Will Colorado Continue to Be a Model in Filling Judicial Vacancies?

Three years ago, Colorado was hailed as a "model for senators across the country" because of the cooperative, timely and successful screening process our then-Senators used to inform the President's nomination for a vacancy on the U.S. District Court of Colorado. It is unclear whether we are still deserving of such praise.


U.S. District Judge Robert Blackburn announced last April that he will be taking Senior Status effective April 2016. This announcement opens up a "future vacancy" on the District Court for Colorado and gives the President and the Senate a year to nominate and confirm a new federal judge. While a year seems like a long lead time, that's not always long enough to get something accomplished in D.C. (There is some sort of human years:dog years conversion needed to for real time:Congress time).

Federal court judgeships are lifetime appointments that are nominated by the President and then confirmed by the U.S. Senate. But the first step in this process is actually completed by home state senators who screen candidates and give names to the President to consider for nomination. There are no laws or constitutional rules for this process other than pure citizen accountability. Senators could give a list of golfing buddies or large campaign cash donors to the President. That doesn't happen, usually.
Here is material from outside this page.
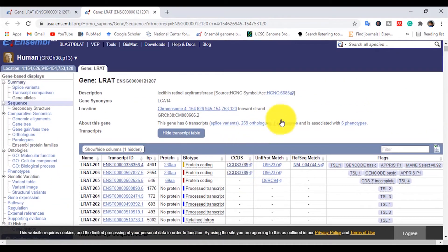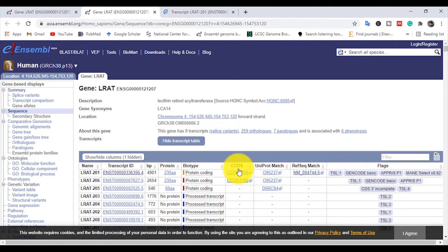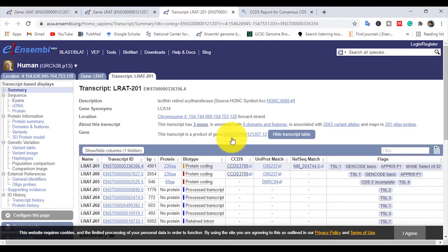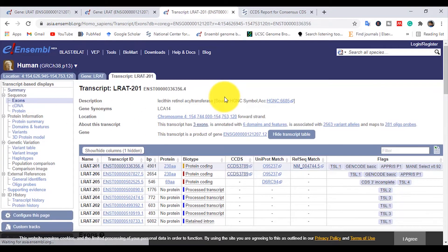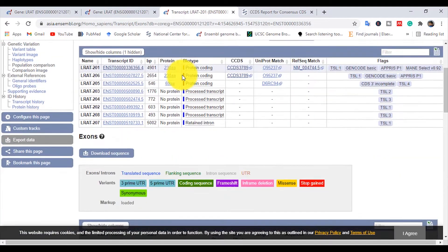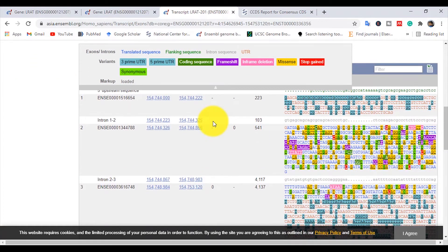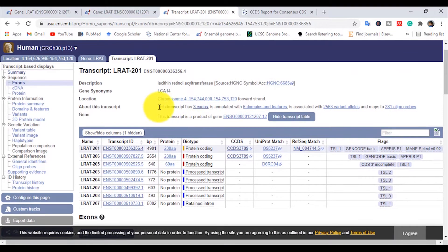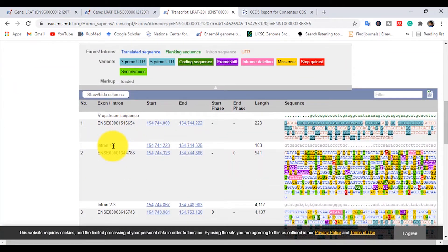Open the transcript ID in a new tab, and also open the CCDS ID in a new tab. In the transcript ID page, click on 'Exon' and you will see the exon regions, as well as the exon and intron layout of the gene. You can see there are three exons in this transcript — exon number one, then an intron, exon number two, then an intron, and exon number three.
Colorado was praised in 2012 because our Senators used a bipartisan screening committee process with open applications accepted from the public. Starting in 2009, then-Senator Udall and Senator Bennet jointly created a bipartisan diverse committee that recommended finalists to the Senators. The finalists were interviewed by both Senators who jointly developed and submitted names to the President. Both Senators agreed to support any nominee through the Senate confirmation process which was chosen from that list. According to a Courts Matter Colorado report, both times district court vacancies arose with this process, the Senators were able to present names & have a nominee before the Senate within six months of the vacancy announcement.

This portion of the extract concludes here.